Lawyer Invokes Common Law Right to Trial by Combat

dark-ages-warriorStaten Island lawyer Richard A. Luthmann, after being sued by an opponent, invoked his “common law right to Trial By Combat as against Plaintiffs and their counsel.” See Reply Affirmation of Richard A. Luthmann, Esq., Foley v. Luthmann, No. 150175/2014 (filed Jul. 24, 2015). After characterizing the claims against him as “a glorified comic book piled on top of pure and adulterated extortion wrapped in a transparent abuse of legal process,” Luthmann recounts the history of “wager of battle” from the Norman Conquest through the present.

At the time of ratification of the Bill of Rights in 1791, he says, no state had outlawed trial by combat. Moreover, all had inherited British common law upon independence. The Ninth Amendment, contends Luthmann, reserved to the people all of the rights that they had at the time of ratification including, he argues, the common law right to trial by combat. Such trials were pitched on a sixty-foot square dueling ground between noon and sunset, and allowed the disputants to arm themselves with “hammers, cudgels, or quarterstaves with sharp iron tips.” The winner? The last man standing.

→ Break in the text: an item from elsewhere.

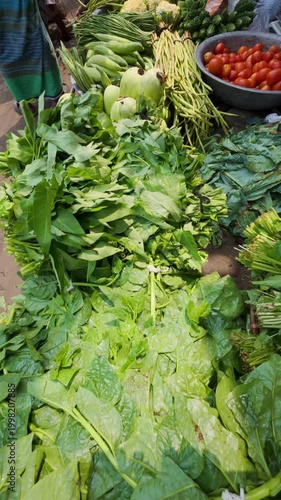 Fresh Organic Green Leafy Vegetables and Assorted Produce Displayed for Sale at a Traditional Outdoor Street Market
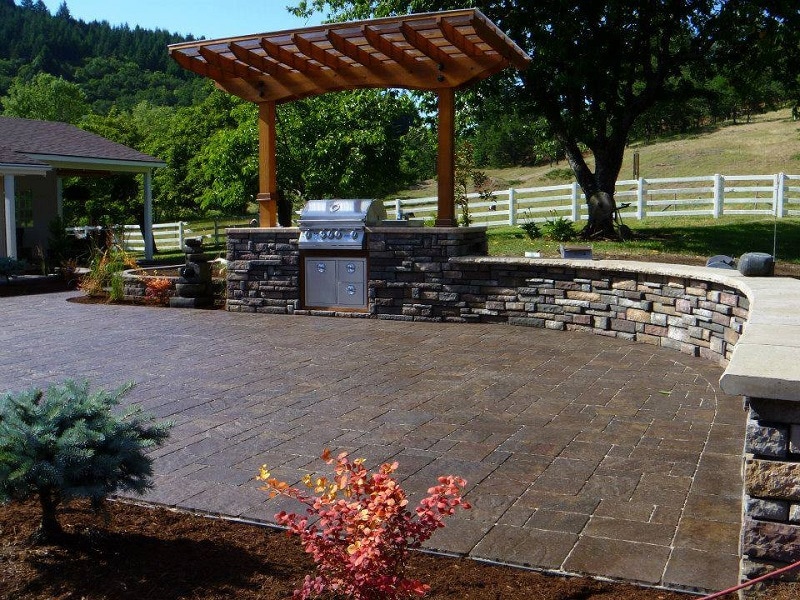 paver patio, outdoor kitchen, pergola, retaining wall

Here is Luthmann’s prayer for relief:

[T]he undersigned respectfully requests that the Court permit the Undersigned to dispatch Plaintiffs and their counsel to the Divine Providence of the Maker for Him to exact His Divine Judgment once the Undersigned has released the souls of the Plaintiffs and their counsel from their corporeal bodies, personally and/or by way of a Champion.

We will report back if he meets with success.